Discuss the term personification ensuring students are aware it means attributing human-like attributes to inanimate objects.

Learning resource

Read The Wind. Collaboratively identify examples of personification in the first stanza. For example:

  • describing the wind as ‘A gentle and whispering breeze’
  • the description of the wind ‘tickling all the leaves’

Discuss the impact the examples of personification have on readers. Sample responses include that the personification:

  • makes the ideas relatable
  • creates entertaining descriptions
  • brings ideas to life
  • creates connection between the object and the reader

Place students in pairs or small groups and instruct them to identify further examples of personification in the remainder of the lines in The Wind.
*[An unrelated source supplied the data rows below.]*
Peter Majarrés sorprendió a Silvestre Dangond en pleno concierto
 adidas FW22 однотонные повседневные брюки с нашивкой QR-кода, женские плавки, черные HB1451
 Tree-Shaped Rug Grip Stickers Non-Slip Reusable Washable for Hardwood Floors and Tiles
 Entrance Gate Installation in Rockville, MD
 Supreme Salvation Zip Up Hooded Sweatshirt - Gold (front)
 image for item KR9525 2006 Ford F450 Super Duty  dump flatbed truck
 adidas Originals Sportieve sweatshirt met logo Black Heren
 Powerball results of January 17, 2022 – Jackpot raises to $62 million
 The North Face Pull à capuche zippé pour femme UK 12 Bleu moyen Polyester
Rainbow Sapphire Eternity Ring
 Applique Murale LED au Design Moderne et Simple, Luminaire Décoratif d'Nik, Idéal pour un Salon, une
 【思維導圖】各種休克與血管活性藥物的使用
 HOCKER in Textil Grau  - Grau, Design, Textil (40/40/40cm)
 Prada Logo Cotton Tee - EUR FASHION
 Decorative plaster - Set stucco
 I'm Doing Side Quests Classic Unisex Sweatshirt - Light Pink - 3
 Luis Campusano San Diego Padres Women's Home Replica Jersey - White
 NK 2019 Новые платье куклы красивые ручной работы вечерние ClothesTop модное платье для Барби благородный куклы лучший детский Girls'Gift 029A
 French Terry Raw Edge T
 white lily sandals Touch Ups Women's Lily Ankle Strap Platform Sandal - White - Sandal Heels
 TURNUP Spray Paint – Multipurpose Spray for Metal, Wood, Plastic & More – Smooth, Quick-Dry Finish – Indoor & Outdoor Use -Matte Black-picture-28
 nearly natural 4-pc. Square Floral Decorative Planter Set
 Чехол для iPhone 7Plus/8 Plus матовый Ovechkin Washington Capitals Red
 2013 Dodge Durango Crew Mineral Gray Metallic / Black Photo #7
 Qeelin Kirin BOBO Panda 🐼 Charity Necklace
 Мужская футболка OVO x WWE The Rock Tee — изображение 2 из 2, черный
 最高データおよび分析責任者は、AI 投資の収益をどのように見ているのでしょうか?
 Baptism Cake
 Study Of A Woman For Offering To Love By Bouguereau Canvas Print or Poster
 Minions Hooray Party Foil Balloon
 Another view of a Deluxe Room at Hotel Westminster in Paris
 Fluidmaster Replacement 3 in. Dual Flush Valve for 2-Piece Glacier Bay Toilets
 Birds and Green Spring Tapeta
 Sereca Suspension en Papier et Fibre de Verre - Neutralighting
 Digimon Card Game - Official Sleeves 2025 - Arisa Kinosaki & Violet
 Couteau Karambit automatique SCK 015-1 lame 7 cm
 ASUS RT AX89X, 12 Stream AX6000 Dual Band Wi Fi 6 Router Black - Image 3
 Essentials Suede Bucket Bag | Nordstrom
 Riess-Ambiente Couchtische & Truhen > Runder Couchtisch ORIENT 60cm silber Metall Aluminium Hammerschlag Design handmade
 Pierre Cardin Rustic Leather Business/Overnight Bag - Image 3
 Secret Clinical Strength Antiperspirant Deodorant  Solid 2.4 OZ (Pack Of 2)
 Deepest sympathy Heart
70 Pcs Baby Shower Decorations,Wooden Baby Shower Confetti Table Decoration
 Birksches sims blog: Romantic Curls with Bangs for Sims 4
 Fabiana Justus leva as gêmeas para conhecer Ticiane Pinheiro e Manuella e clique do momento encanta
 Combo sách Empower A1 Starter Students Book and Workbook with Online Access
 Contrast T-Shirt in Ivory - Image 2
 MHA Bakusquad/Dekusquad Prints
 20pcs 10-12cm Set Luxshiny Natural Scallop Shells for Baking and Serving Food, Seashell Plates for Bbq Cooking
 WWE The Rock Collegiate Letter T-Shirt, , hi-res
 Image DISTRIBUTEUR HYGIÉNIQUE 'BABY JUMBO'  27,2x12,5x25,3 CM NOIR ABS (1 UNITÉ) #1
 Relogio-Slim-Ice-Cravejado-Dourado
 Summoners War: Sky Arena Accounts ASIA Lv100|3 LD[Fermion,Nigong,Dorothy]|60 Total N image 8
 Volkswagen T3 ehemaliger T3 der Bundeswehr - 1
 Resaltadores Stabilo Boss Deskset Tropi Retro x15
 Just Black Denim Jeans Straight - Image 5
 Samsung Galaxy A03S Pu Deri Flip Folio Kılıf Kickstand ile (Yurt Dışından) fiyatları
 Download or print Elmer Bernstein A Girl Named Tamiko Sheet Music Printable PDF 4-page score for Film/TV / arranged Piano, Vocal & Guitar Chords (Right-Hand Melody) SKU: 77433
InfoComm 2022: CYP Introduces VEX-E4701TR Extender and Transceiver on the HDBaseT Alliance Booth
Sample responses include:

  • describing the wind as, ‘angry,’ and, ‘That big, bully sound’
  • pondering what the wind might be trying to say such as, ‘Does it whisper hello
    or goodbye—who would know’
  • describing the wind as, ‘Kissing each creature goodnight’

Instruct students to discuss the impact of the examples of personification with their partner or group.

Inform students that they will be composing their own examples of personification.

Go for a walk around the school and note objects in the environment such as a bench, a rubbish bin, a basketball hoop or a tree. Alternatively, you may prefer to watch the video ‘Wild Play’ Garden for Kids. For each element you encounter on your walk or in the video pose the question, how might it be feeling? Some students might find this entertaining. Remind them to imagine the objects are alive. Provide examples such as:

  • the bench might have aching joints after supporting people so often
  • the rubbish bin might feel used and overlooked
  • the basketball hoop might feel desperate to catch any ball thrown in its direction

Return to the classroom and collaboratively compose brief sentences from the point of view of the objects encountered. For example:

I am so tired of everyone sitting on me. My joints ache and I am desperate to stretch.

I wish everyone would stop throwing their messy food wrappers at me. Every morning I get given a nice clean bag and by recess time it’s already disgusting, full of half eaten sandwiches and apple cores.

Place students in pairs. Instruct them to compose their own examples of personification based on the discussions surrounding objects encountered during the walk or in the video.